■ The problem ■
The material below should be copied line for line, please, with pictures omitted.

■ Provided material ■
--- START ---
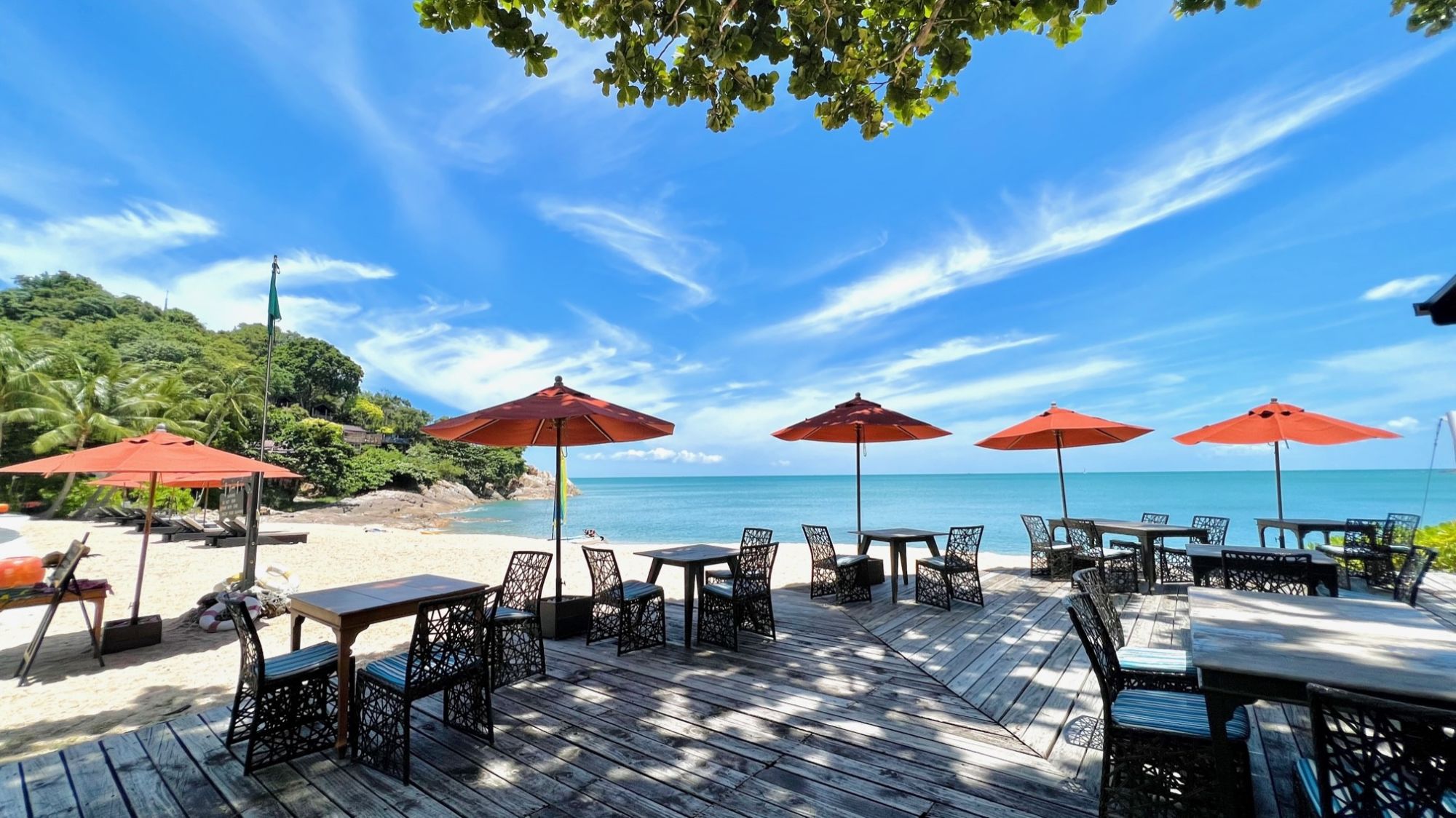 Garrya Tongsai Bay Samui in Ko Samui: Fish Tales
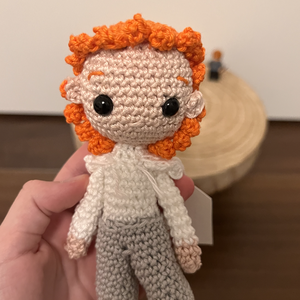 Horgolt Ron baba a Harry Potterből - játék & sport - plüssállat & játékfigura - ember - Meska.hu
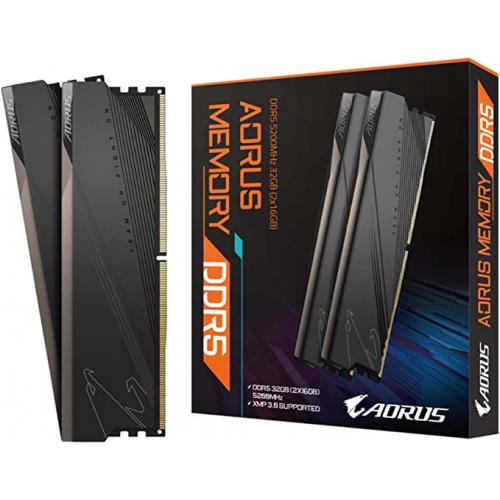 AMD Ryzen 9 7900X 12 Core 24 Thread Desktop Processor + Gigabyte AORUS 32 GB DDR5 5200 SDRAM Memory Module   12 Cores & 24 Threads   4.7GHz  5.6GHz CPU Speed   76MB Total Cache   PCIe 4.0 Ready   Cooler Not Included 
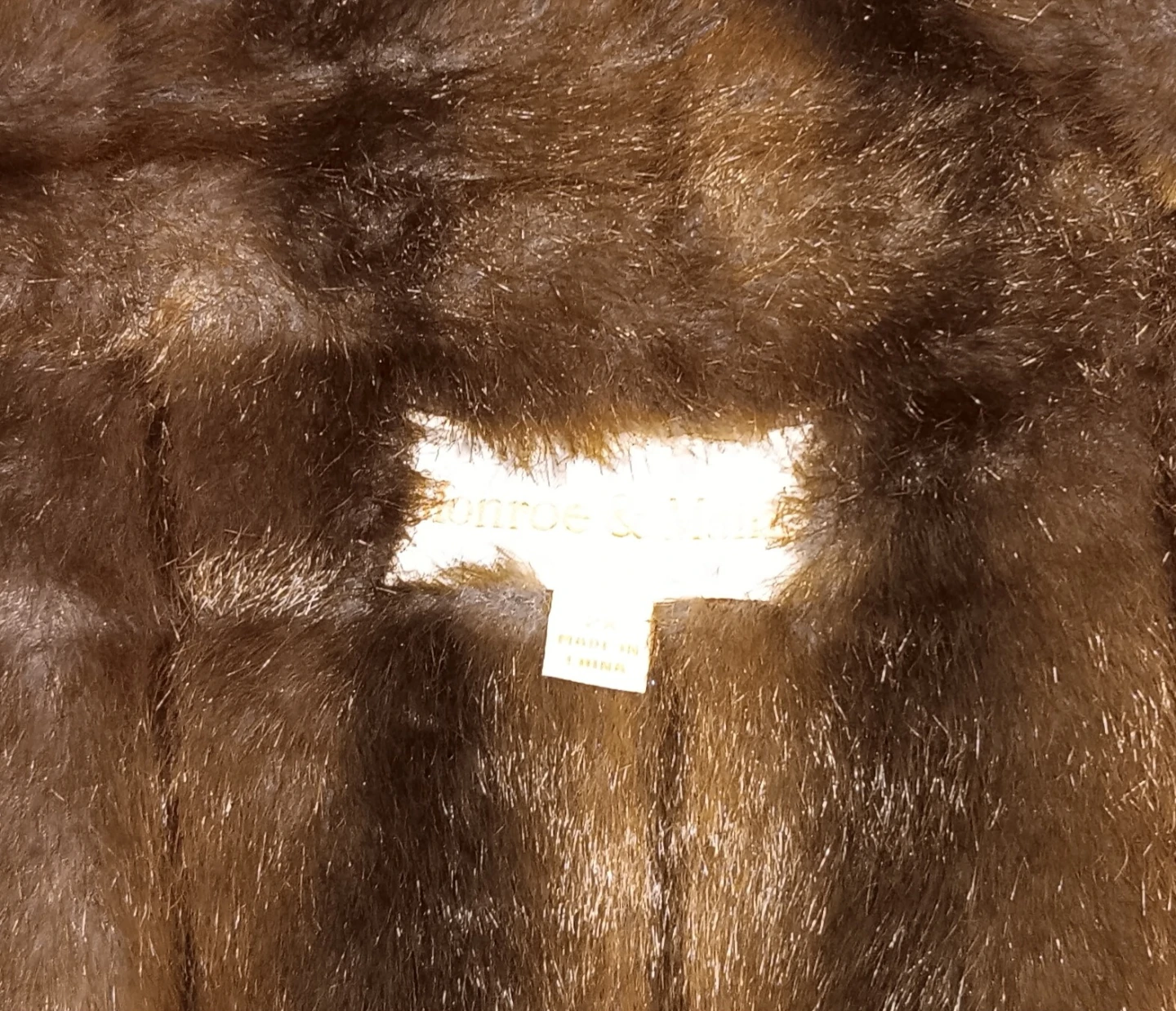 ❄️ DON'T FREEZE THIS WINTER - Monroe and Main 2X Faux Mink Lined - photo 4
--- END ---
■ Answer to this problem ■
 Garrya Tongsai Bay Samui in Ko Samui: Fish Tales
 Horgolt Ron baba a Harry Potterből - játék & sport - plüssállat & játékfigura - ember - Meska.hu
 AMD Ryzen 9 7900X 12 Core 24 Thread Desktop Processor + Gigabyte AORUS 32 GB DDR5 5200 SDRAM Memory Module   12 Cores & 24 Threads   4.7GHz  5.6GHz CPU Speed   76MB Total Cache   PCIe 4.0 Ready   Cooler Not Included 
 ❄️ DON'T FREEZE THIS WINTER - Monroe and Main 2X Faux Mink Lined - photo 4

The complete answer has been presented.